### Task details
Each entry that follows should be retyped exactly.

(Stored entries)
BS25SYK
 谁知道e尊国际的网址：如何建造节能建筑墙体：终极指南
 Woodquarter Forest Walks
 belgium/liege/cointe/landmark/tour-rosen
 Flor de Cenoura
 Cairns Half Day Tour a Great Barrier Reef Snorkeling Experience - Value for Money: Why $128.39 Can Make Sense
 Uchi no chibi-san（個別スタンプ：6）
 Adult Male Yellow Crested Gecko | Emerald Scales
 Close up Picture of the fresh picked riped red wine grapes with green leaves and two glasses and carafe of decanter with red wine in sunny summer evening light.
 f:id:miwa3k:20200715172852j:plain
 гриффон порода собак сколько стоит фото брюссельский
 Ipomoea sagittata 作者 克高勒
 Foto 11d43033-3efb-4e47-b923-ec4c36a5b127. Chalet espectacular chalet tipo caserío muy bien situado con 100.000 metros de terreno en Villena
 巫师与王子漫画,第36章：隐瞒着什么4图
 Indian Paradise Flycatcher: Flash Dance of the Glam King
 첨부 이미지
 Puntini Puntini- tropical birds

### Response
BS25SYK
 谁知道e尊国际的网址：如何建造节能建筑墙体：终极指南
 Woodquarter Forest Walks
 belgium/liege/cointe/landmark/tour-rosen
 Flor de Cenoura
 Cairns Half Day Tour a Great Barrier Reef Snorkeling Experience - Value for Money: Why $128.39 Can Make Sense
 Uchi no chibi-san（個別スタンプ：6）
 Adult Male Yellow Crested Gecko | Emerald Scales
 Close up Picture of the fresh picked riped red wine grapes with green leaves and two glasses and carafe of decanter with red wine in sunny summer evening light.
 f:id:miwa3k:20200715172852j:plain
 гриффон порода собак сколько стоит фото брюссельский
 Ipomoea sagittata 作者 克高勒
 Foto 11d43033-3efb-4e47-b923-ec4c36a5b127. Chalet espectacular chalet tipo caserío muy bien situado con 100.000 metros de terreno en Villena
 巫师与王子漫画,第36章：隐瞒着什么4图
 Indian Paradise Flycatcher: Flash Dance of the Glam King
 첨부 이미지
 Puntini Puntini- tropical birds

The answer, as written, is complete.